> **ACTIVITY**
Could you count the lines in the listing that include the word "Animal"? Give only the number.

> **INPUT DATA**
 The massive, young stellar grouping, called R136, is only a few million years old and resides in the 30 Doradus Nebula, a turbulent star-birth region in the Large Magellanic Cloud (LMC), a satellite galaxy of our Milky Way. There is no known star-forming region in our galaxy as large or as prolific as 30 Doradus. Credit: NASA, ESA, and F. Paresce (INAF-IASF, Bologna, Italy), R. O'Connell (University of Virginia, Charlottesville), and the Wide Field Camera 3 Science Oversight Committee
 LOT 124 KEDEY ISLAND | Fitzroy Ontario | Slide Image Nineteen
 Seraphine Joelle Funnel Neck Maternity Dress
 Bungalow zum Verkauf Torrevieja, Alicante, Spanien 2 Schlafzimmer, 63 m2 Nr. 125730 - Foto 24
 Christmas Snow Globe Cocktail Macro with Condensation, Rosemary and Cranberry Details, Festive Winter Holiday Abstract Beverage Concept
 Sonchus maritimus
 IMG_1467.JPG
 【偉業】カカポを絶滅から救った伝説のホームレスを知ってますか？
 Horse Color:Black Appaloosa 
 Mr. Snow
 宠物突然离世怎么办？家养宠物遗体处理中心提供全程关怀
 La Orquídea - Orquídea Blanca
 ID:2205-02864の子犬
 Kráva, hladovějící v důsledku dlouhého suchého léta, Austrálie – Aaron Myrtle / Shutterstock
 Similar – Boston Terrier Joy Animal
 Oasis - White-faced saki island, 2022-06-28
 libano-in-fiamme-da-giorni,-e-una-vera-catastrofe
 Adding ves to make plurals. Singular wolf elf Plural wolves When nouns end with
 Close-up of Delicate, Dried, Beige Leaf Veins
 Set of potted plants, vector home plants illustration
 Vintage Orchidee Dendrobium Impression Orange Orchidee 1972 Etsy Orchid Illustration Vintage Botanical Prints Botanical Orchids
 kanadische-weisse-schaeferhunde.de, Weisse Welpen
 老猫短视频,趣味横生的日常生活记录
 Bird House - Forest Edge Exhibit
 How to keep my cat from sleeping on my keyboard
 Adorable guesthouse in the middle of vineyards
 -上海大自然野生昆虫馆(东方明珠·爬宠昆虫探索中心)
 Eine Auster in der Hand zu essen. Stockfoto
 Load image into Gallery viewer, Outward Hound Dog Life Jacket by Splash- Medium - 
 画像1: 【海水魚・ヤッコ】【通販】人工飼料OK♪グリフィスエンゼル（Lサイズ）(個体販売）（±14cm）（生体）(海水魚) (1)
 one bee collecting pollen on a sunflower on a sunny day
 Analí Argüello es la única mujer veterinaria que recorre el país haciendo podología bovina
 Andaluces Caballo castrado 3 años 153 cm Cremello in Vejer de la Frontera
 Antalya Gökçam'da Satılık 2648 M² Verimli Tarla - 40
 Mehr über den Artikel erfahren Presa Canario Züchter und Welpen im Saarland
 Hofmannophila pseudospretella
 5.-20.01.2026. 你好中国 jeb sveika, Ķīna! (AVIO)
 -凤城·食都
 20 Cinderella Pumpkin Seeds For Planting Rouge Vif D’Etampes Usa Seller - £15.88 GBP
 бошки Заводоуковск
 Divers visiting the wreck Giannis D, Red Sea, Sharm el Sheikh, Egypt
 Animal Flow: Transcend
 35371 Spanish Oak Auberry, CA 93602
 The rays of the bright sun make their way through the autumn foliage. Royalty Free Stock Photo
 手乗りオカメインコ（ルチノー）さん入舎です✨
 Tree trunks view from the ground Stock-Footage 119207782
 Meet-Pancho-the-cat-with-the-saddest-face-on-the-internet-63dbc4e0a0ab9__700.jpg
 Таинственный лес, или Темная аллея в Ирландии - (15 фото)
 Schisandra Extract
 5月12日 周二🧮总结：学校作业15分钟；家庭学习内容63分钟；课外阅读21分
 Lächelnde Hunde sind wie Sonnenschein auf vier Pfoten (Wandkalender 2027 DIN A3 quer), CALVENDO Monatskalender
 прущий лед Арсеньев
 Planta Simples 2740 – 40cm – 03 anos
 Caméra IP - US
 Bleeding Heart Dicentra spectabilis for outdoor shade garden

> **RESPONSE AREA**
2